A library is retail – it’s just that no money changes hands. A library does everything neighboring businesses want: It draws people close to their shops. The library’s “free” retail has a bonus for neighboring businesses – it won’t compete for patrons’ disposable income dollars. Because patronizing the library is free, potential customers will have more money to spend on toys, gifts, cards, coffee, bagels, ice cream, beads, art and every other type of item sold downtown.

But if that’s not enough for folks who insist on cash registers with their retail, a café or gift shop could easily be incorporated into the library plan.

No question about it: With or without cash register retail, a library would help create a vibrant downtown filled with pedestrians.

Other spurious objections have been raised to placing a library in downtown Morgan Hill. Some have cited concerns about the nearby railroad, raising the specter of children being killed by oncoming trains.

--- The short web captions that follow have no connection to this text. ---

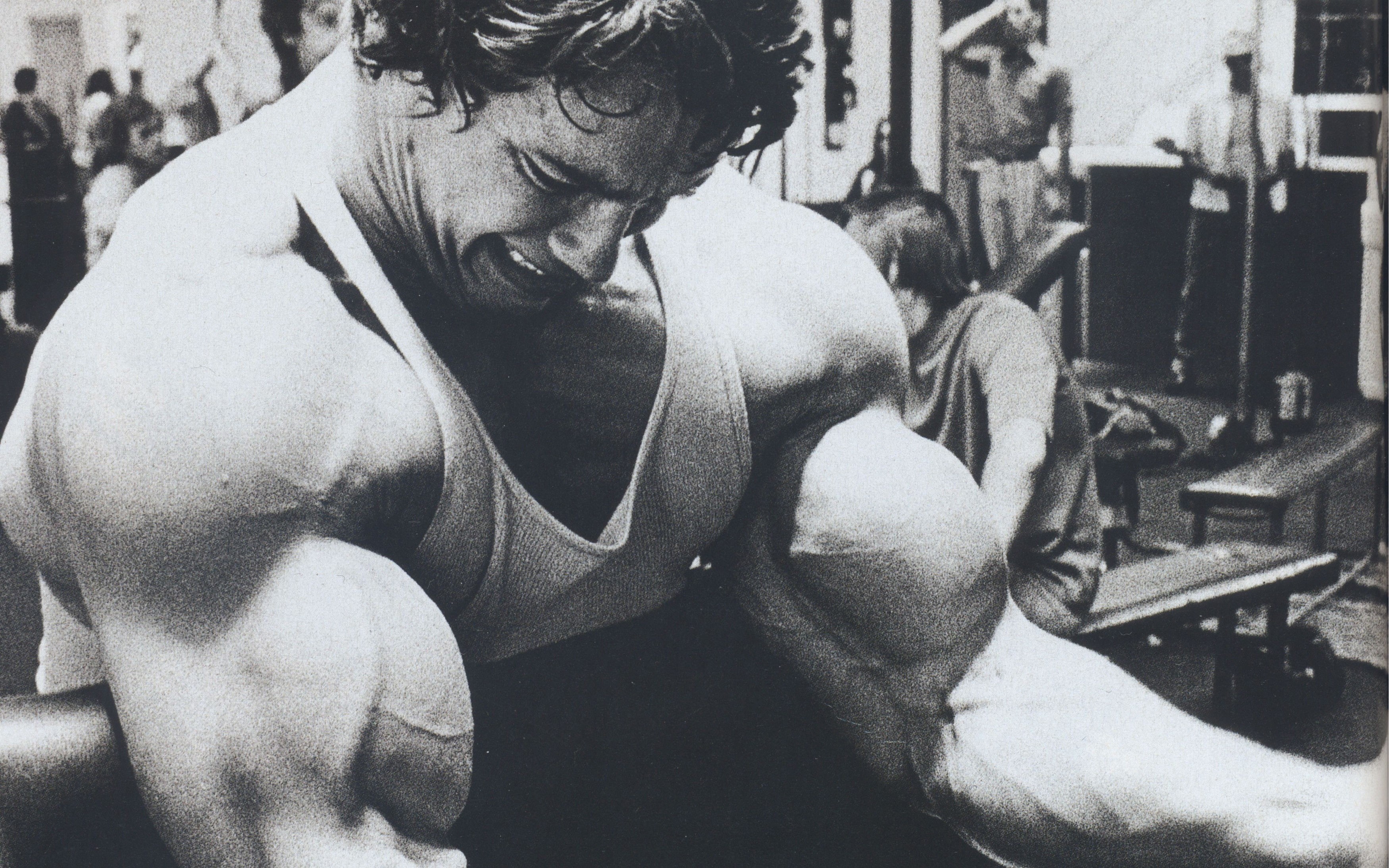 2K, Bodybuilder, Schwarzenegger, Arnold, HD Wallpaper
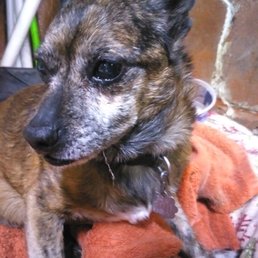 Over the Rainbow Bridge with much love and care Over the Rainbow Bridge with much love and care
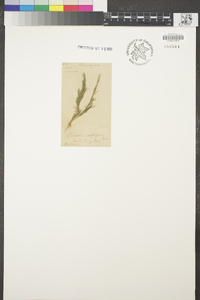 Cladophora scopiformis image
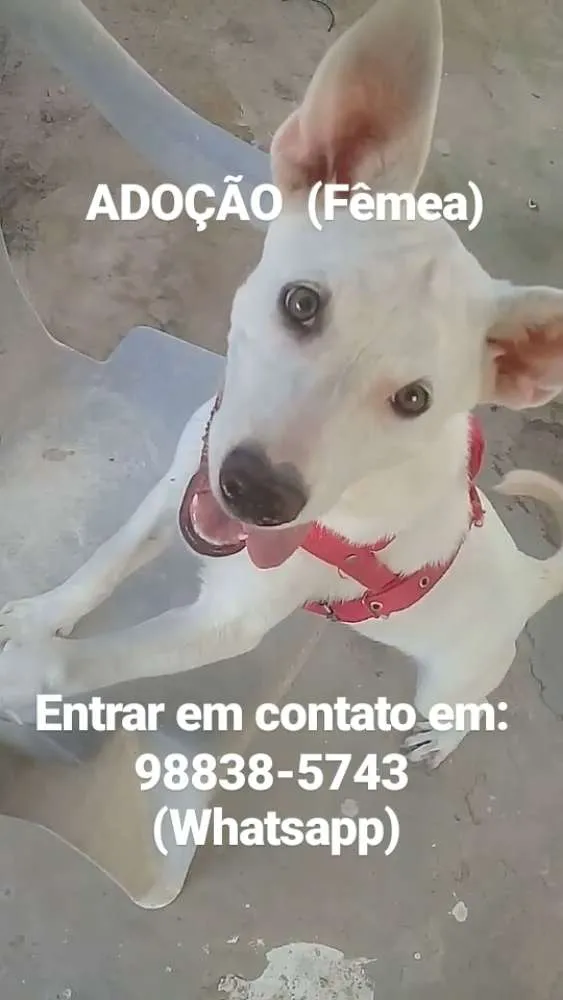 Cachorro ra a Raciada com labrador  idade 2 a 6 meses nome Tequila 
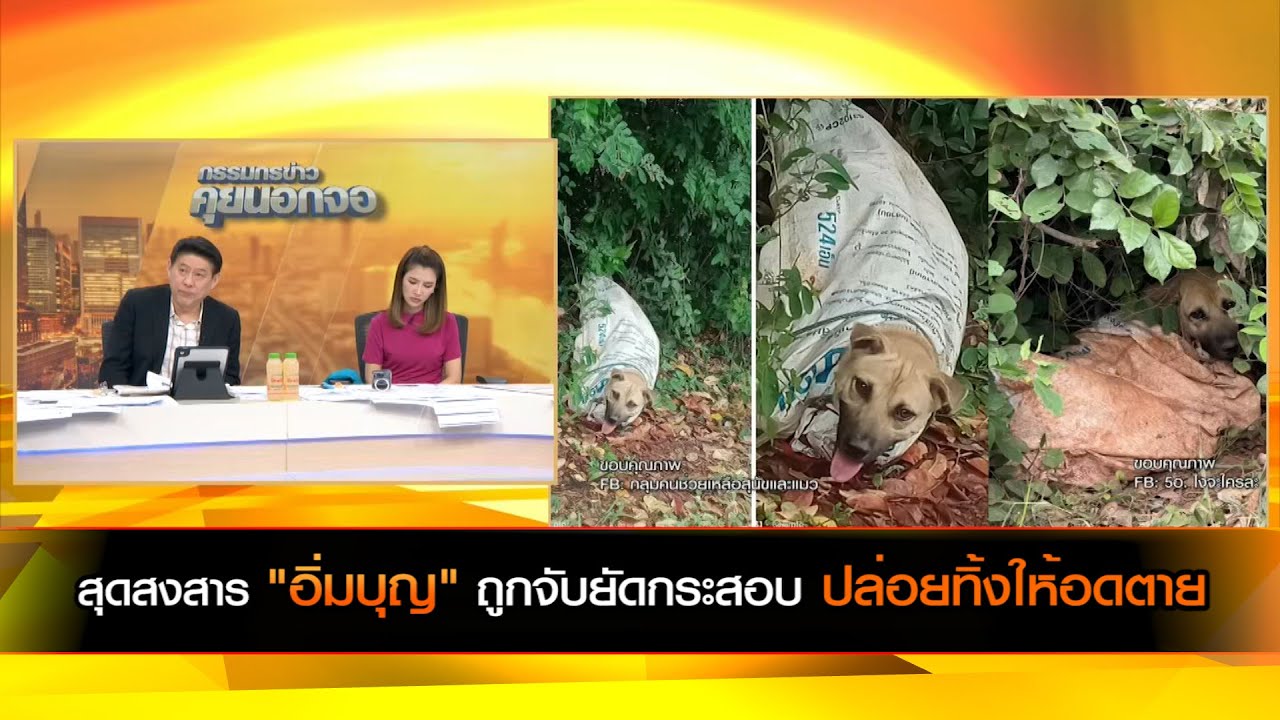 สุดสงสาร "อิ่มบุญ" สุนัขถูกจับยัดกระสอบ ปล่อยทิ้งให้อดตาย ประกาศตามหาคนทำ พร้อมเงินรางวัล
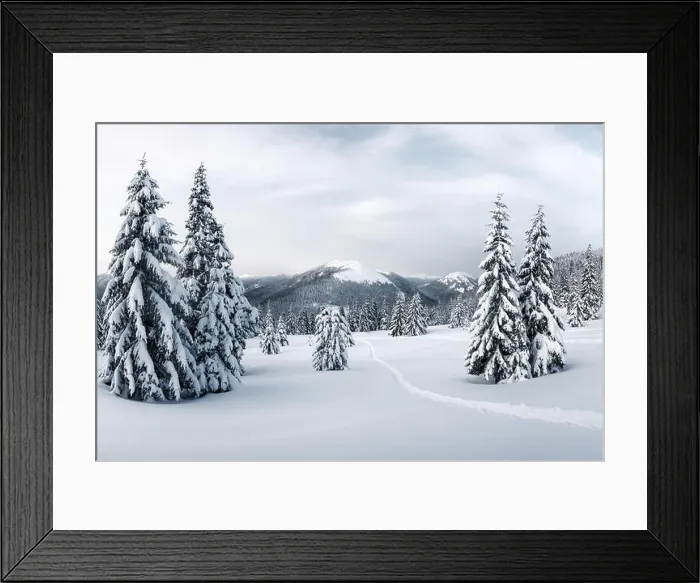 Framed Print : Fantastic winter landscape with snowy trees. Carpathian mountains, Ukraine, Europe. Christmas holiday concept Framed Print : Fantastic winter landscape with snowy trees. Carpathian mountains, Ukraine, Europe. Christmas holiday concept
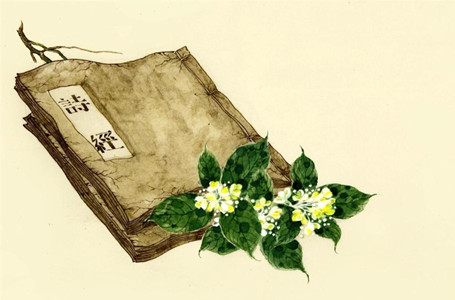 如何用诗经楚辞给宝宝起名字 图片1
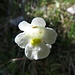 Alpen-Fettblatt (Pinguicula alpina)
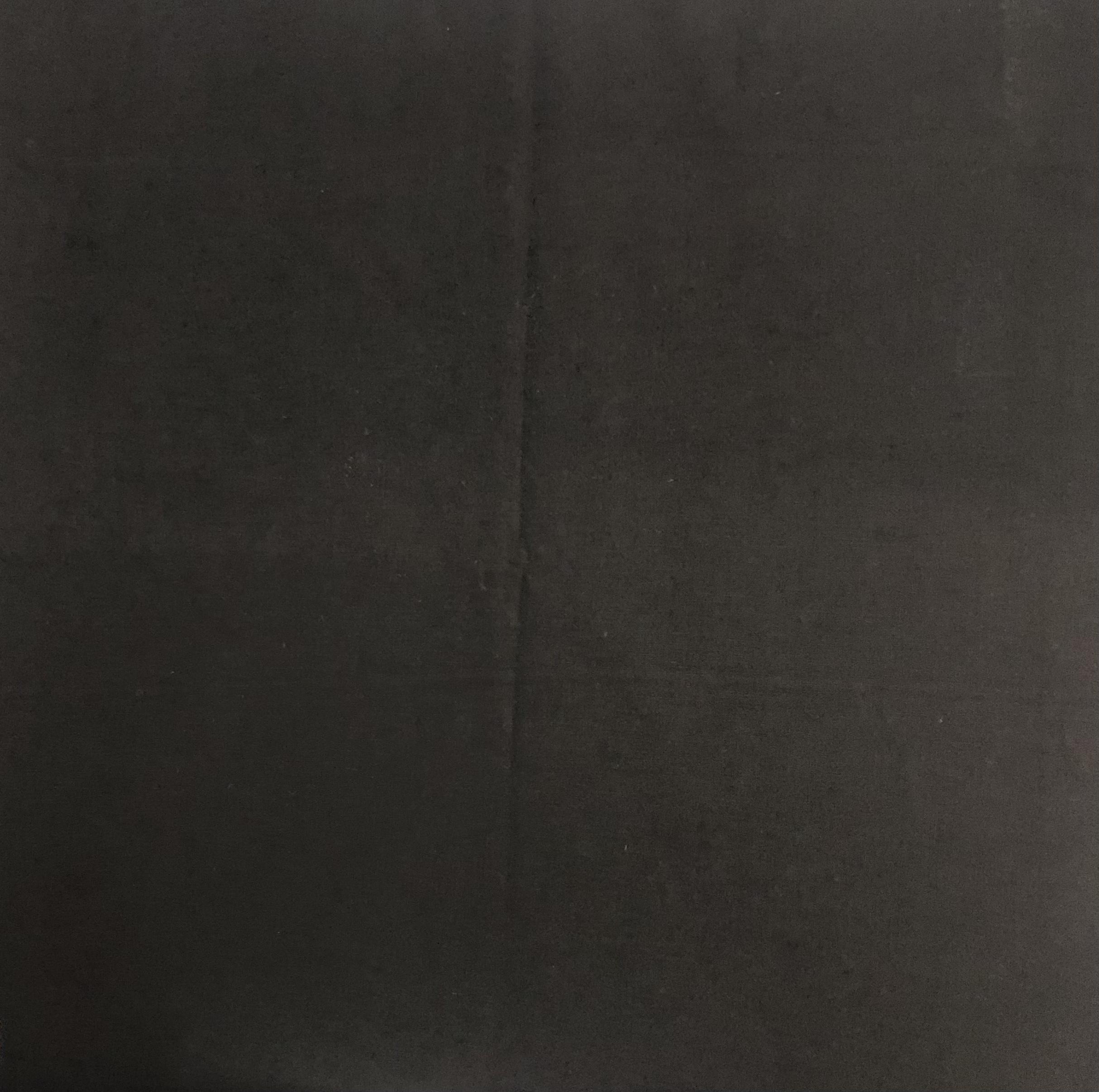 Stretch Cotton Broadcloth in Black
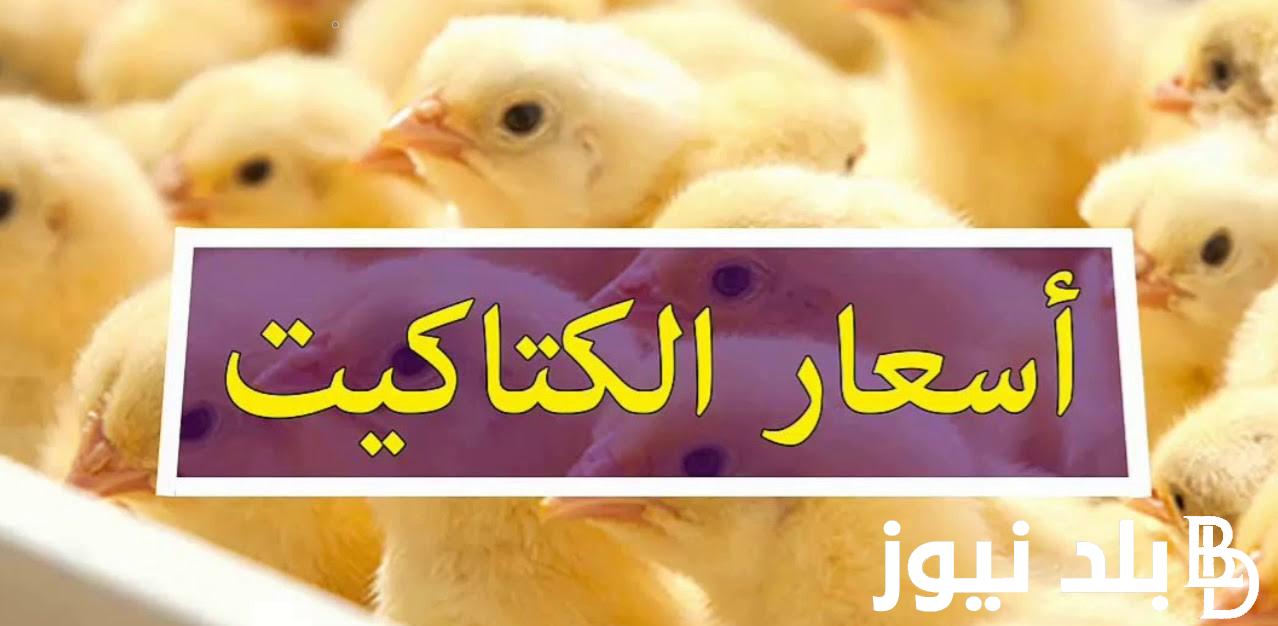 “الكتكوت الصغير بكام” اسعار بورصة الدواجن الكتاكيت البيضاء اليوم الثلاثاء 18 يونيو 2024 للتجار والمربيين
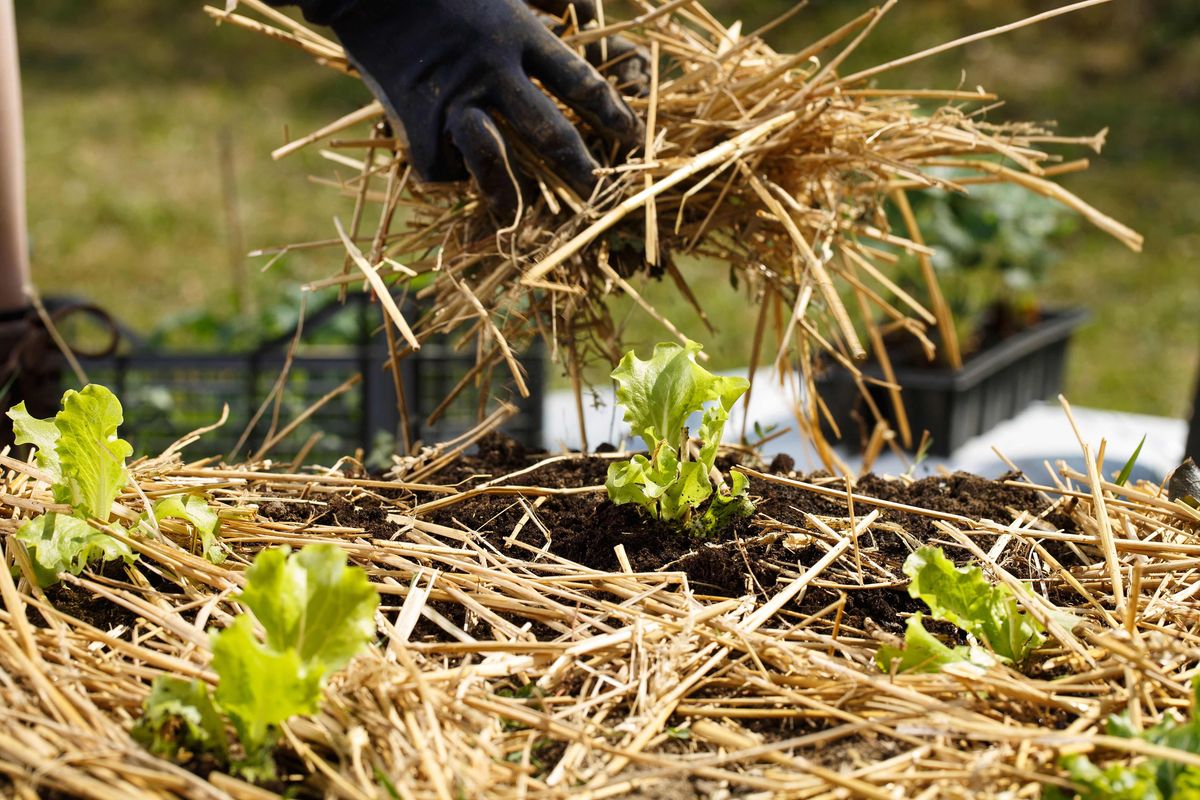 Comment limiter les mauvaises herbes au jardin et au potager
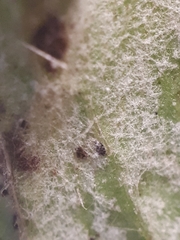 Puccinia calcitrapae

My historical society source tells me that no pedestrians have been killed by trains in Morgan Hill since the railroad arrived in town in 1869. Now, with the wonderful new at-grade pedestrian crossing across the street from the Sunsweet site, pedestrian safety should be even more assured.

Flooding is another red herring. It’s a technical problem that’s easily addressed, and the competing site has water table issues that, if memory serves, are more expensive to correct.

For my money, the most exciting opportunity to put a library in downtown Gilroy rests with the cannery deal South County Housing is trying to seal. When first announced in October, officials envisioned a mixed commercial and housing project for the former cannery at Lewis and Railroad streets.

It wasn’t clear from last week’s article if mixed commercial and housing is still the vision South County Housing has for the cannery, but I certainly hope so. A library would be an ideal neighbor, I would think, for apartment dwellers. You don’t get much quieter commercial neighbors than librarians and book lovers.

A library at the old cannery would complement the arts projects planned for downtown Gilroy and could be an important catalyst for revitalization in a city that doesn’t have the luxury of a redevelopment agency to help fund construction.

Most experts agree that libraries belong in highly visible, retail-friendly locations. Most Gilroy and Morgan Hill residents agree that downtown is the heart and soul of a community. A library and downtown are the perfect complement – they benefit each other.

As reporter Carol Holzgrafe noted, many other Bay Area cities with vibrant downtowns – San Mateo, Danville, Sunnyvale and Mountain View, for example – have placed their libraries downtown.

Developers, city leaders, library lovers and library officials: Let’s work together to make downtown libraries realities in both Morgan Hill and Gilroy.